Otherwise, from what I can see, the OG_user_roles module is not compatible with Domain Access. The main reason seems to be that DA uses the multiple_node_access patch to coordinate among node access modules. OGUR used the nodeapi 'access' $op approach, and includes some specific TAC integrations that are hardcoded into the module.

I believe that DA will work normally with these modules IF you simply do not install the multiple_node_access patch.

Will add to the documentation.

agentrickard’s picture

Status: Postponed (maintainer needs more info) » Closed (fixed)

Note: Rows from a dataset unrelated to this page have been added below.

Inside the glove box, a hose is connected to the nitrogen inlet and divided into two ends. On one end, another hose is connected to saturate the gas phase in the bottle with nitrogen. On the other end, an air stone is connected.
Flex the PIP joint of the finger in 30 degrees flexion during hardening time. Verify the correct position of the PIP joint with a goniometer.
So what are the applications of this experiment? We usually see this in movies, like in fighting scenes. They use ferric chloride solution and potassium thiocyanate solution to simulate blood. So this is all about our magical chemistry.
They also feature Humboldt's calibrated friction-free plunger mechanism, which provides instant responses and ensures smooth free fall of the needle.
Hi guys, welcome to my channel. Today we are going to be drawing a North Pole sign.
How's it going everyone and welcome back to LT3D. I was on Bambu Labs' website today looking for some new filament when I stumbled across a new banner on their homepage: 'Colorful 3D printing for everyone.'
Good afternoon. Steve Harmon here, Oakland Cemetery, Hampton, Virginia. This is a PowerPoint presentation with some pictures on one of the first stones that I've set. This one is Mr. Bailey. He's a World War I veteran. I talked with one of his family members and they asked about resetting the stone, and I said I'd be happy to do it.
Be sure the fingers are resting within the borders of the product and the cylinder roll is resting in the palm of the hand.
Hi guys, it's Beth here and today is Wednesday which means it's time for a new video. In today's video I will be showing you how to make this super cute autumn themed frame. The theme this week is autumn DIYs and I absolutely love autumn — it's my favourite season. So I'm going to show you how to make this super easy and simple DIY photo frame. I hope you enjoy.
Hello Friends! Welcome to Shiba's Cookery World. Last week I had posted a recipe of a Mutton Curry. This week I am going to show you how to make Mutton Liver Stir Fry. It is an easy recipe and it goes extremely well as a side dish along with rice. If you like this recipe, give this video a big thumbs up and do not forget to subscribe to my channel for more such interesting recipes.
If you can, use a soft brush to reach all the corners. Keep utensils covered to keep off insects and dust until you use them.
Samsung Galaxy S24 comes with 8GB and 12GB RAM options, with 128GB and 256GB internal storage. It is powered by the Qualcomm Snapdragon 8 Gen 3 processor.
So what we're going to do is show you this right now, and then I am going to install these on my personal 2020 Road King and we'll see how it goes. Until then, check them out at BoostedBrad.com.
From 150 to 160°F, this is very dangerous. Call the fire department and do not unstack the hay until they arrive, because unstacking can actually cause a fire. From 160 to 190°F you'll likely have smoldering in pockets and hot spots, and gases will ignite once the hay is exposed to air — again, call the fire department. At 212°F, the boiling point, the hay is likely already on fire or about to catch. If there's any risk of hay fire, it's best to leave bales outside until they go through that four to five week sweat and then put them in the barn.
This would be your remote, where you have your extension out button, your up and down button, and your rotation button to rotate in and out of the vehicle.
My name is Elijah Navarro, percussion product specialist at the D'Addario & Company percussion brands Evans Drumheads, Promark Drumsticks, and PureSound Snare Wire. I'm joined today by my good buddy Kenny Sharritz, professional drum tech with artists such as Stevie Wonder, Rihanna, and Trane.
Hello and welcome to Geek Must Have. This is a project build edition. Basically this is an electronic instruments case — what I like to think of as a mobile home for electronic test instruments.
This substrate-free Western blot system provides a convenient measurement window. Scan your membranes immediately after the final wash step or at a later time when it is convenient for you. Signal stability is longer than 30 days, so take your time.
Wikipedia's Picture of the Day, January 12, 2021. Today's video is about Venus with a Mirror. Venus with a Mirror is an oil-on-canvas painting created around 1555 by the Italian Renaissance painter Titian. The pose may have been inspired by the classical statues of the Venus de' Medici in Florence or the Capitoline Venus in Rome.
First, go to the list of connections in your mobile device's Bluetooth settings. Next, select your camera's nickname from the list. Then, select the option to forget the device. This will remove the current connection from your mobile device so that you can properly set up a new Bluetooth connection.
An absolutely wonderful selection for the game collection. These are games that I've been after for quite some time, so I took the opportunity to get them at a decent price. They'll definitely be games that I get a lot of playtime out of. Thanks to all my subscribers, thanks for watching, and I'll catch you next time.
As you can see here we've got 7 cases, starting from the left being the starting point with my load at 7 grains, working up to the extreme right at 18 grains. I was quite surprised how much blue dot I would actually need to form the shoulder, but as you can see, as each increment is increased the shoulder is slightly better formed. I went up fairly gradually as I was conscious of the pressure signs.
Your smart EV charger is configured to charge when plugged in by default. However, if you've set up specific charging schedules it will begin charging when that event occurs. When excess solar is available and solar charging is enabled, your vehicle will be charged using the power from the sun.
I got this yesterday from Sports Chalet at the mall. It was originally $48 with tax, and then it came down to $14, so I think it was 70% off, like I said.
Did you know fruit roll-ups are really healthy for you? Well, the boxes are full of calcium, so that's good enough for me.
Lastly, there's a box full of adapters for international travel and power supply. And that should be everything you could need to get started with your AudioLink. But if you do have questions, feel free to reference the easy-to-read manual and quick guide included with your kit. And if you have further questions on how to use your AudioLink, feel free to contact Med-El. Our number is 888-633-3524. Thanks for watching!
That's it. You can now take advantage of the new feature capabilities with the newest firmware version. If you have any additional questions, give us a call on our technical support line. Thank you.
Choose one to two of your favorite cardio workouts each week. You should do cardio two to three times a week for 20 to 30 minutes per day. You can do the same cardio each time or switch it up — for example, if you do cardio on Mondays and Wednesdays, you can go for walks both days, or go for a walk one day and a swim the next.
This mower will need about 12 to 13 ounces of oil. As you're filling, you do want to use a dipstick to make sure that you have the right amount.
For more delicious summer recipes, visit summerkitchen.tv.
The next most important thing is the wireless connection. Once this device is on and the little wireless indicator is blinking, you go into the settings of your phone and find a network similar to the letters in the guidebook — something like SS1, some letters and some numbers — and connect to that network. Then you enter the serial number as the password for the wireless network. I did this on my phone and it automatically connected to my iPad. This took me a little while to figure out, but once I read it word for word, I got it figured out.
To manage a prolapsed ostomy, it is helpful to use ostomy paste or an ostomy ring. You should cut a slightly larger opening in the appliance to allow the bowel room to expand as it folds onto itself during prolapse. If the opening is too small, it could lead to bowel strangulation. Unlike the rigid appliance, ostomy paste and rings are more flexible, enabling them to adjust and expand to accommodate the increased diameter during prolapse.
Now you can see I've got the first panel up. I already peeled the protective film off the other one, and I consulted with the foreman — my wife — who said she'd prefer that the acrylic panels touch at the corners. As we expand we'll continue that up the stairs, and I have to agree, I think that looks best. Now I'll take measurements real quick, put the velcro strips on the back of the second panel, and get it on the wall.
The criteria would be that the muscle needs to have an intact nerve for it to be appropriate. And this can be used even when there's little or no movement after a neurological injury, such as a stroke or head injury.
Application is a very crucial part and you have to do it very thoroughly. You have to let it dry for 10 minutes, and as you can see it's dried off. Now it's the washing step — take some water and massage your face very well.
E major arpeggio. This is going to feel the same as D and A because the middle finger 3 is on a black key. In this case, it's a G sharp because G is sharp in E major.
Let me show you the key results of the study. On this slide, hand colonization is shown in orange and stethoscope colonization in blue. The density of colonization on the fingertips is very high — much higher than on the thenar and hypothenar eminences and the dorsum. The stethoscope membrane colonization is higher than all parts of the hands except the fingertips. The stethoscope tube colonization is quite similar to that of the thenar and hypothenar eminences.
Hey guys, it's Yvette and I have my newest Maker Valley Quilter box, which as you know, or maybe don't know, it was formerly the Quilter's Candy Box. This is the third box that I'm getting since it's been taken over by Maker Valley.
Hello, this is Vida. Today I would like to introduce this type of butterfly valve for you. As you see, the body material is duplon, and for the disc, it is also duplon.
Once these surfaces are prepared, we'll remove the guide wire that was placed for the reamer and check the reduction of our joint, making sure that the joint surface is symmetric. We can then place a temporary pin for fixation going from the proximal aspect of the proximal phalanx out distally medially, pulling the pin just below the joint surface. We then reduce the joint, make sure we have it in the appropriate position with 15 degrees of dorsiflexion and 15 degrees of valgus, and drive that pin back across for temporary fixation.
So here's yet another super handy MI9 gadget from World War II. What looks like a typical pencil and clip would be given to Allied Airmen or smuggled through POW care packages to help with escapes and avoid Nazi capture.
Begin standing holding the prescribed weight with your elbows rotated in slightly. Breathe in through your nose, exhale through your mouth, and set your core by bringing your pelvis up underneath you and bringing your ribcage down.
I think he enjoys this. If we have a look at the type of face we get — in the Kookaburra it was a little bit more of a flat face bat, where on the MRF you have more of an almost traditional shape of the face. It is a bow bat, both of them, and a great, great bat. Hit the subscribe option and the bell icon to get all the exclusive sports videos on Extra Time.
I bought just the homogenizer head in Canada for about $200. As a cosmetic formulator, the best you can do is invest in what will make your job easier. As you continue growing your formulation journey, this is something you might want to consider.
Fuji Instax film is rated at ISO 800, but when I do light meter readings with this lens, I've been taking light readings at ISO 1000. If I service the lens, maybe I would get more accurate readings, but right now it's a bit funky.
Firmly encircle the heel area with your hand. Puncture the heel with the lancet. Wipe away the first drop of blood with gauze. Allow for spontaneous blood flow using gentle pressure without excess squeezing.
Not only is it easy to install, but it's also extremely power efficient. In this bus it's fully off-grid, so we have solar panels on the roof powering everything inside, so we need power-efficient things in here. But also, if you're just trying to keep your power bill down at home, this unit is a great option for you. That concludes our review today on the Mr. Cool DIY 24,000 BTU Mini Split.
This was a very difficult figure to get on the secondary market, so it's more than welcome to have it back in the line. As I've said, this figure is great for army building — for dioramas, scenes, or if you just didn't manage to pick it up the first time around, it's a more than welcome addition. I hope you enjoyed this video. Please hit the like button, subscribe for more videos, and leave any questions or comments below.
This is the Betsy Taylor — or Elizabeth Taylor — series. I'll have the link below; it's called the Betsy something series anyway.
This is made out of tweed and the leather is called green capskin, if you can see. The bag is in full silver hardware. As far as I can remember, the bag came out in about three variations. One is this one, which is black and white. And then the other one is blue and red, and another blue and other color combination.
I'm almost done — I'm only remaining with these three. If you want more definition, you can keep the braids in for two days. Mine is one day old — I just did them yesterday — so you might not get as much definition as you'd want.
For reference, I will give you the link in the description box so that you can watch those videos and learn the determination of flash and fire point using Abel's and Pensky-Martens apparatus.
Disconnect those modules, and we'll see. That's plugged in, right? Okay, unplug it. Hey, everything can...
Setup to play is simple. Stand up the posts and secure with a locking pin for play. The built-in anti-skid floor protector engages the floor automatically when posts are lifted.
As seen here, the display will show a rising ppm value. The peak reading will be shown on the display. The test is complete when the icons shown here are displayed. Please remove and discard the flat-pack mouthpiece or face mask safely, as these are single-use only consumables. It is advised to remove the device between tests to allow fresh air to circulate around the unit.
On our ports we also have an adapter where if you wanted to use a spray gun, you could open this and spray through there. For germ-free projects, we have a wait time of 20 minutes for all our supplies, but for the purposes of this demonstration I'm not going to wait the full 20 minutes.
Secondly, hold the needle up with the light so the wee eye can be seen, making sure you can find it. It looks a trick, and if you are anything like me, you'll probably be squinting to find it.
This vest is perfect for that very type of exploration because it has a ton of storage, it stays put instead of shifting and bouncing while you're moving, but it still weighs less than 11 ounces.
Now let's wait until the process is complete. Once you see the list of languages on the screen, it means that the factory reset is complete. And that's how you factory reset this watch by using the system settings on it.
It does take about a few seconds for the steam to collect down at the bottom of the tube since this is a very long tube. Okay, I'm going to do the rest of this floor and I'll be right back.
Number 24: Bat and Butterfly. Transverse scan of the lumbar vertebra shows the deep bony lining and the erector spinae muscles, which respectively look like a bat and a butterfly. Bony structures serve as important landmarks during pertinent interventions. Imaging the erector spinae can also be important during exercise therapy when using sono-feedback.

Added to the documentation. If you figure out where the second half of that query is coming from, please open a new issue.

ben soo’s picture

Hi;

i certainly will do that if it pops up again. At this time i've stripped out all the third party modules that affect access permissions.

--That thing started happening again whereby anonymous users can edit everything, so i removed layer by layer all modules that affect access permissions. Started seeing one odd thing after another until i ended up removing all of them, including the workflow access module.

Will start building it back up once i spend more time with the paper, pencil and the diagrams, and report any anomalies here if they seem related to the domain module. It's highly unlikely i'll use the same mix of modules as before, so i can't say what will crop up next time.

b

somebodysysop’s picture

Just for clarification, OG User Roles uses hook_nodeapi($op='access') with TAC/OG Integration ONLY. With that turned off, OG User Roles requires no custom patches. Theoretically, OGR should have no problem working with DA with TAC/OG turned off. The only purpose of the TAC/OG Integration code is to make TAC and OG work together, and this is strictly optional (and not recommended) in the module settings.

If there is another way of doing TAC/OG integration, I'd LOVE to hear it.

agentrickard’s picture

Try the multiple node access patch. http://drupal.org/node/196922

netw3rker’s picture

this seems to have cropped up on one of my very recently built sites as well. Here is a much simpler query than the one posted above. As you can see i'm only using 2 auth modules (workflow access & domain access). I do have the multiple_node_access patch applied too. any thoughts on why "domain" is being put in w/o quotes?

SELECT COUNT(*) 
FROM node_access 
WHERE nid = 0 
AND (
  (gid = 0 AND realm = 'all') 
  OR (gid = 0 AND realm = 'domain_site') 
  OR (gid = domain AND realm = 'domain_site') 
  OR (gid = 2 AND realm = 'domain_id') 
  OR (gid = domain AND realm = 'domain_id') 
  OR (gid = 1 AND realm = 'workflow_access') 
  OR (gid = 0 AND realm = 'workflow_access_owner')
)
AND grant_view >= 1

TIA!

agentrickard’s picture

This issue is closed. Please start over.